В ялтинском пиршестве на костях видится архетипический жест сталинской культуры. Он настолько многозначителен и многозначен, что в нем, как в голографическом изображении, открываются все черты эпохи. Ведь чтобы понять всякую эпоху, как учил Шкловский на примере "Броненосца „Потемкин"", нужно идти не вдоль, а поперек темы. Вот банкеты в Ялте и дают такой поперечный срез времени. Мне даже кажется, что вокруг этого сюжета можно было бы снять глубокий фильм. Правда, для этого потребовалось бы осуществить абсурдную фантазию - соединить усилия Алексея Германа с Никитой Михалковым. Такого неосуществимого симбиоза требует двойственность символического акта, воплотившего противоположные и потому потаенные смыслы сталинского проекта.
С одной стороны, нас удивляет феноменальная эффективность государственной машины, сумевшей имитировать собственную бесперебойность.

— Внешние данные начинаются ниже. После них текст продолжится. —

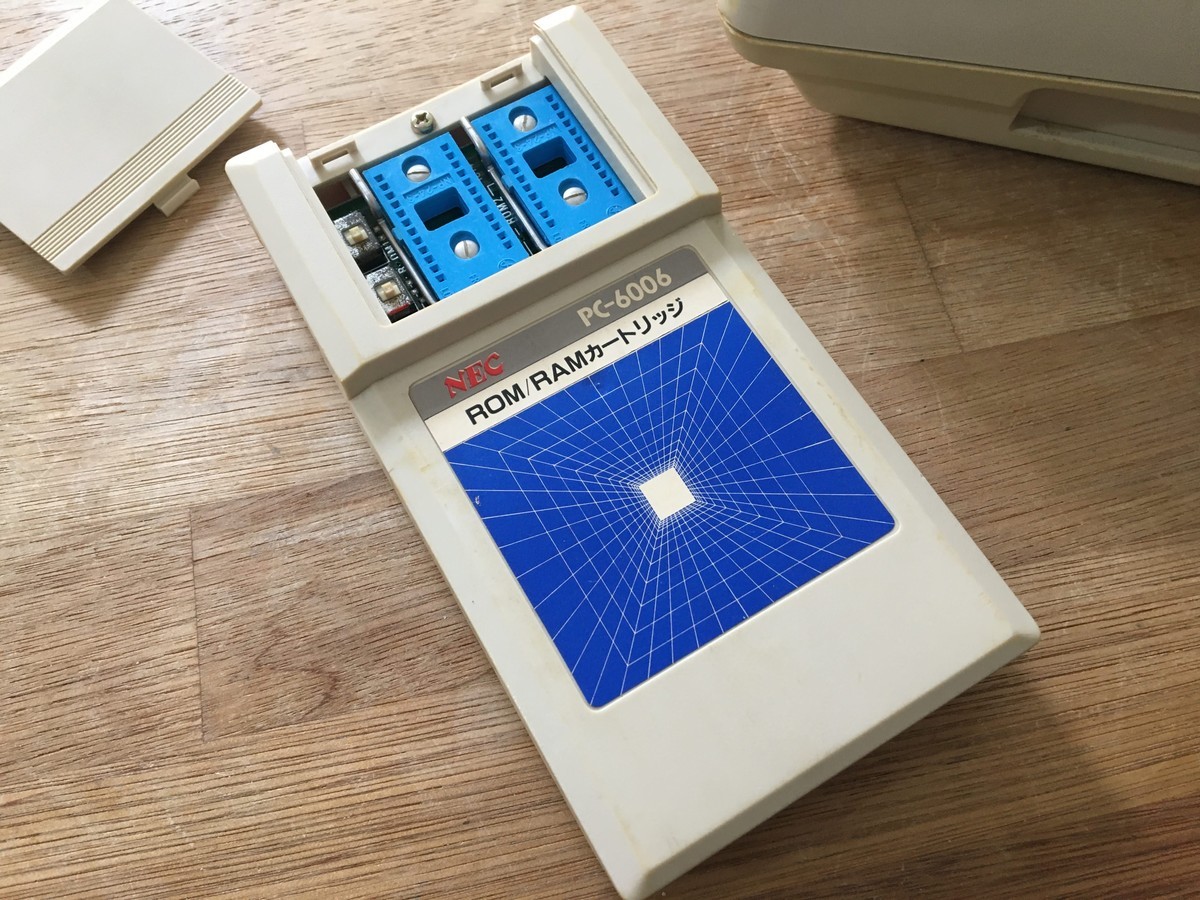 PC-6006の解析 - takuya matsubara blog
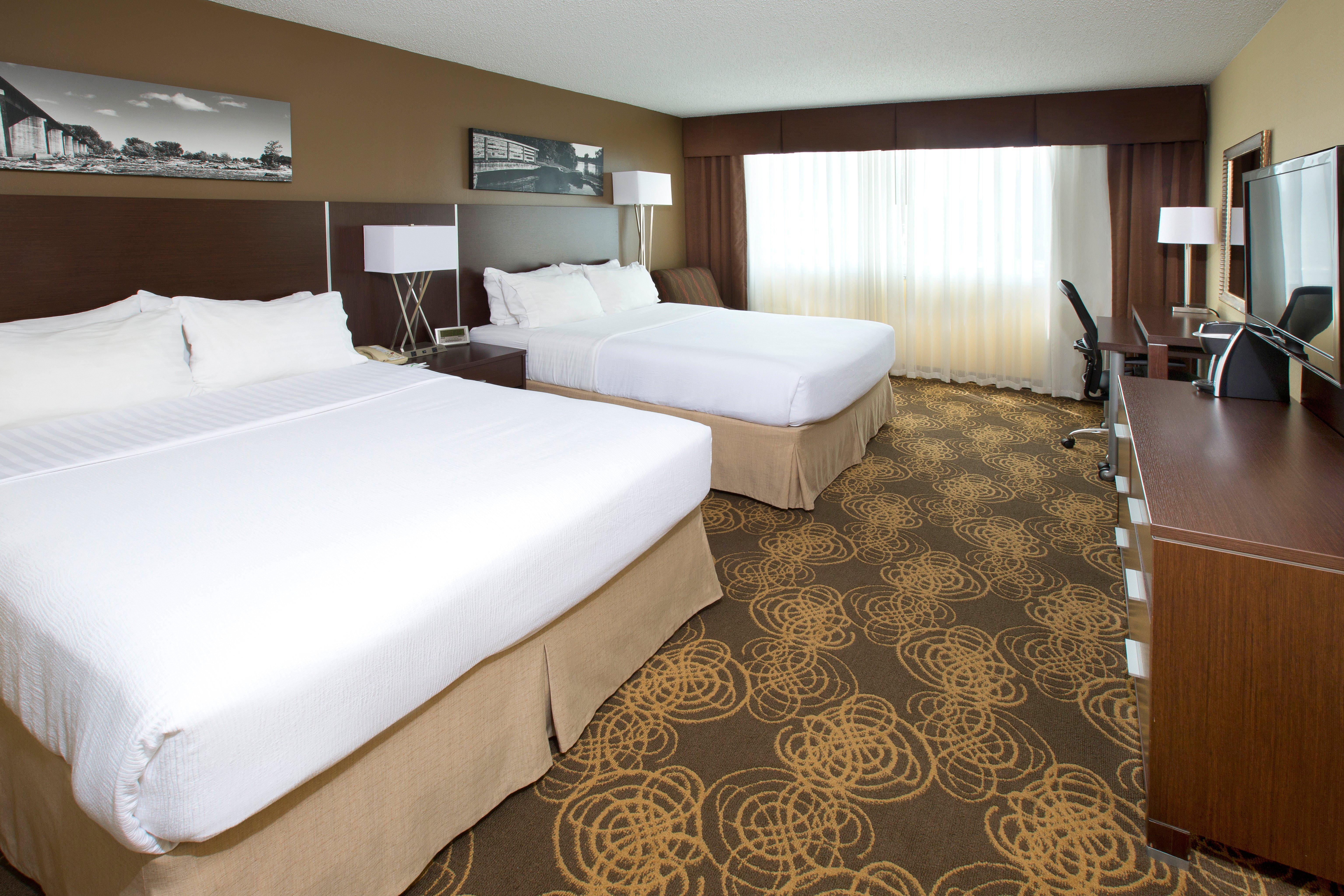 Holiday Inn Sioux Falls-City Center By Ihg Buitenkant foto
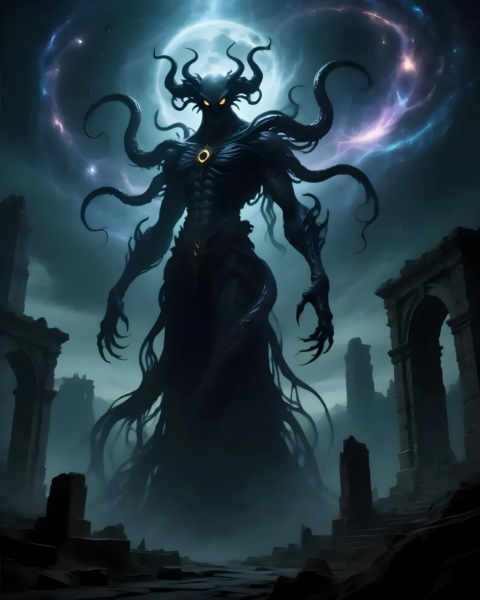 Cosmic Terrors: Eroth Vhal - Eroth Vhal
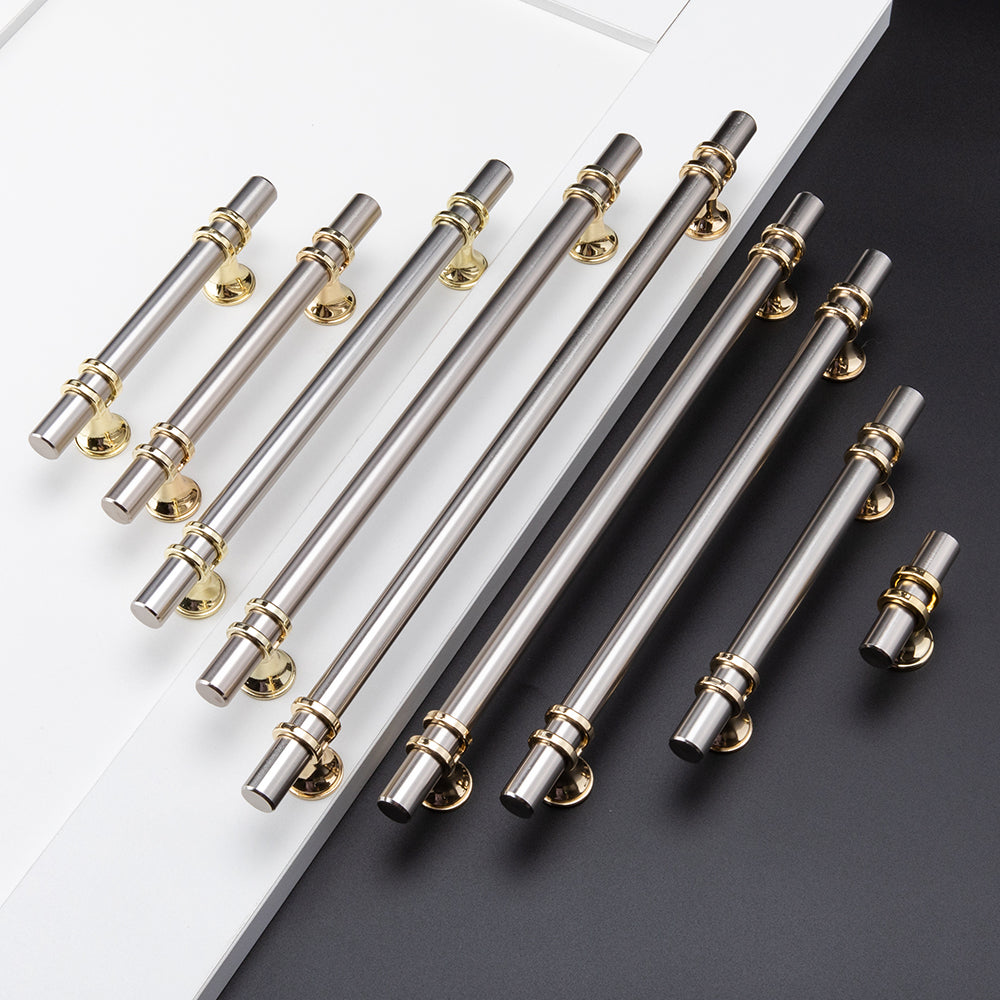 Zinc Alloy Fashion European Style Cabinet Handles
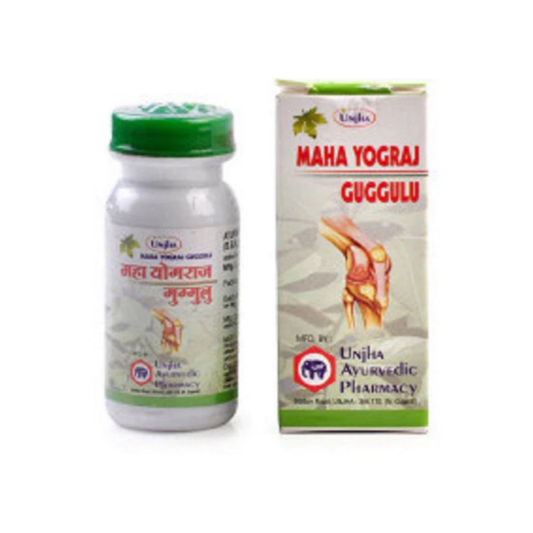 Unjha Mahayograj Guggulu (60tab)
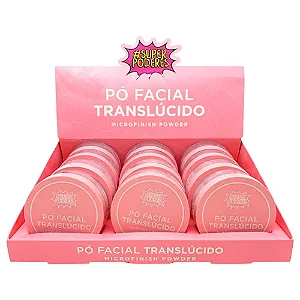 Pó Facial Translúcido Microfinish Powder - Super Poderes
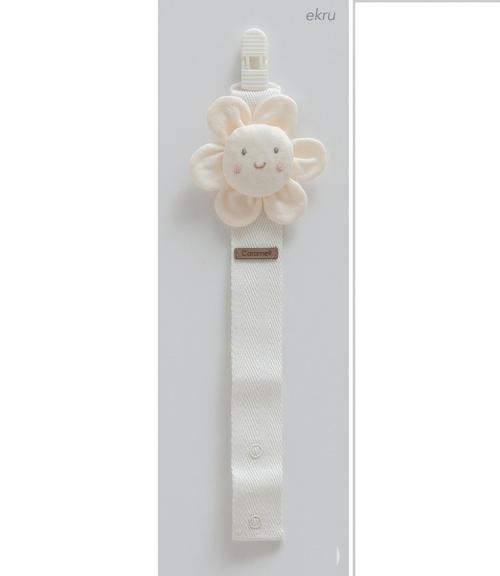 PAPATYA EMZİK ASKISI - EMK2190-Ekru-ST Ekru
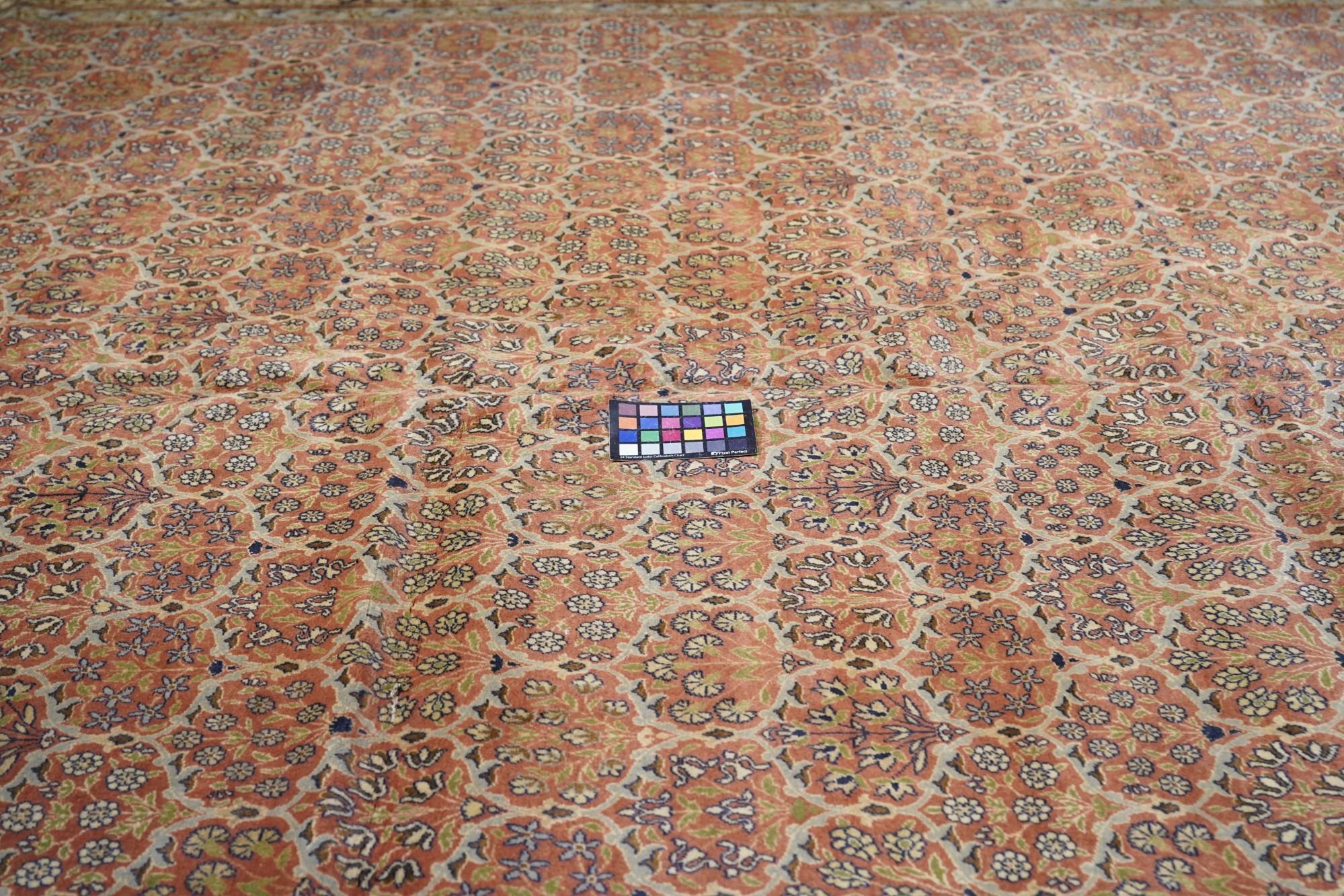 Tapis Sivas ancien 10'9'' x 14'9'' en vente 4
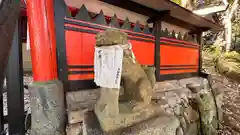 勢野薬隆寺八幡神社の狛犬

С другой, поражают бесцельность и бестактность, точнее - бесчеловечность этого пира. В сущности, Ялта оказалась "потемкинской деревней", которая никого не могла обмануть. (Рассуждая житейски, союзники с их ленд-лизом не могли не знать, в каком состоянии находилась советская страна к концу войны.) Смысл кулинарного чуда, что бы ни писал об этом сам Похлебкин, следует искать за пределами политики - в архаических глубинах мифологического сознания. В рамках этих категорий, которые часто оказываются единственно пригодными для описания сталинской истории, ялтинские банкеты - гекатомба. Грандиозное, внушающее трепет жертвоприношение богам войны, которые должны в благодарность за тучное угощение дать Сталину власть над миром. Ритуальный характер мистерии, в которую превратился дипломатический обед, подчеркивают сверхъестественные усилия, потребовавшиеся для его приготовления. Чтобы сотворить такое, надо было одержимо верить в магическую силу обряда. Безумное изобилие входило в такой контраст с окружающей нищетой и голодом, что одно как бы упраздняло другое. Фикция замещала действительность, потому что была несопоставима с ней. Не способный к тотальному преображению мира, режим заменял его своими символами. Власть, считавшая себя абсолютной, на самом деле могла себя реализовать лишь на отдельных, ритуально выделенных фрагментах социального пространства - на сакральной территории храмовых участков, где располагался вождь или его истукан. В своей книге "Тоталитарное искусство" Игорь Голомшток упоминает два характерных эпизода, иллюстрирующих эти патологические отношения с действительностью: "В декабре 1941-го, когда танки Гудериана, исчерпав запасы горючего, остановились на подступах к Москве, на одну из подмосковных станций пробился немецкий железнодорожный состав. Но он не привез умирающей армии ни горючего, ни продовольствия, ни зимнего обмундирования. Вагоны были нагружены плитами красного мрамора для памятника Гитлеру в Москве. В 1943-м мозаичные плафоны для третьей - самой парадной - очереди московского метро набирались в блокированном Ленинграде, и специальные самолеты переправляли оттуда в столицу радостные образы советских людей, шагающих навстречу счастью под водительством великого вождя".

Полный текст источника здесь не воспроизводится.